道祖神祭り禁止と擬洋風2010/10/04 22:55

舂米学校
 高根町村山北割新井の丸石神で見た「廃仏毀釈」に関連して、『神々の明治維新 -神仏分離と廃仏毀釈』(安丸良夫著)を読んだ。引用されていたものを読んだことがあり、以前から知っていた本だったが、これは名著だった。30年前の出版なのだが、コンパクトな記述の中に、興味深い事実、示唆の多い考察が満載であった。

 道祖神祭りの禁令に関しても記述されていたが、明治五年の山梨県の布告で、門松や追儺(節分の豆まき)なども禁止されたというのは、驚いた。
 このような禁令は、当時の県令(現在の県知事にあたる)であった藤村紫朗氏による。
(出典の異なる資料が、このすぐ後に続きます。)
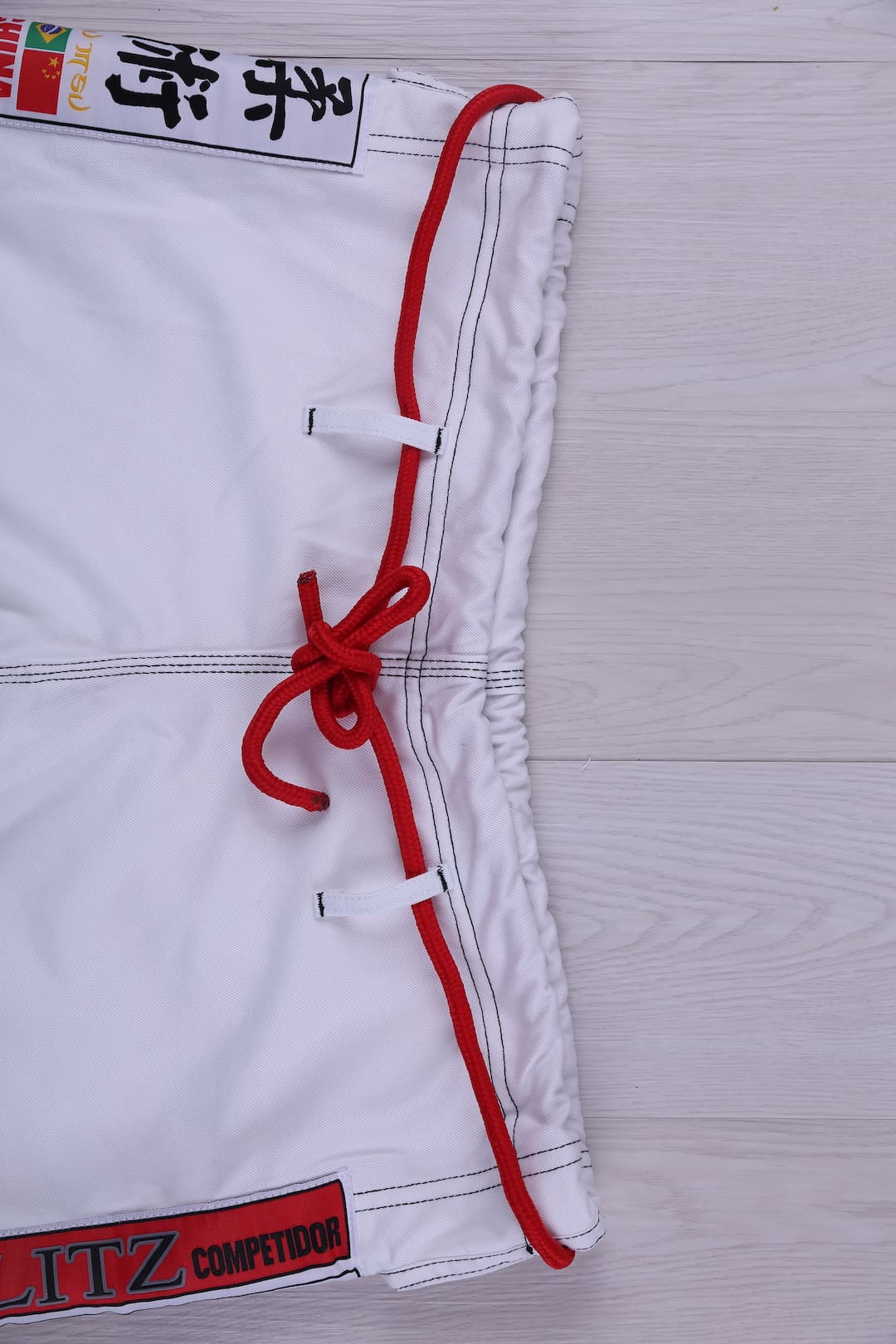 Classic BLITZ BJJ Gi: Embrace Excellence & Tradition featuring detailed embroidery and traditional design.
(追記:藤村紫朗氏が県令(権令)になったのは、明治6年からであったが、藤村紫朗氏が民俗信仰を抑圧したのはたしかである)

 この藤村という名前に聞き覚えがあった。山梨には、明治初期の「擬洋風建築」、すなわち、日本の職人が建てた西洋風の建築が多いのだが、それらが、このような建築を奨励した県令の名に因んで「藤村式」と呼ばれているのである。
 擬洋風建築では、信州松本の開智学校が有名だが、山梨の津金学校や舂米(つきよね)小学校も、なかなか味がある。たとえば、写真の富士川町増穂にある舂米小学校である。中央に六角形の鐘楼のような「太鼓堂」があり、そのてっぺんにシャチホコがひとつだけついているというものだ。愛らしいが、どこか奇妙な建築である。
 民俗信仰を根こぎにするかのような禁令を出した「開明派」の県令の名をとどめ、じっさいに文明開化の拠点であった学校。それが、いま見ると、国籍不明であることによって、きわめて「日本的」に見えるというのは、じつに面白い。

丸石神その282010/09/23 11:16

村山北割の丸石神
北杜市高根町村山北割新井の六社神社境内にある、丸石神である。 左はやや扁平になっているが、右はみごとな球だ。右側は、台座の細工も繊細である。弘化四年 (1847)と安政五年( 1858)の銘がある。自然石ではない人工丸石は、やはり幕末の流行だ。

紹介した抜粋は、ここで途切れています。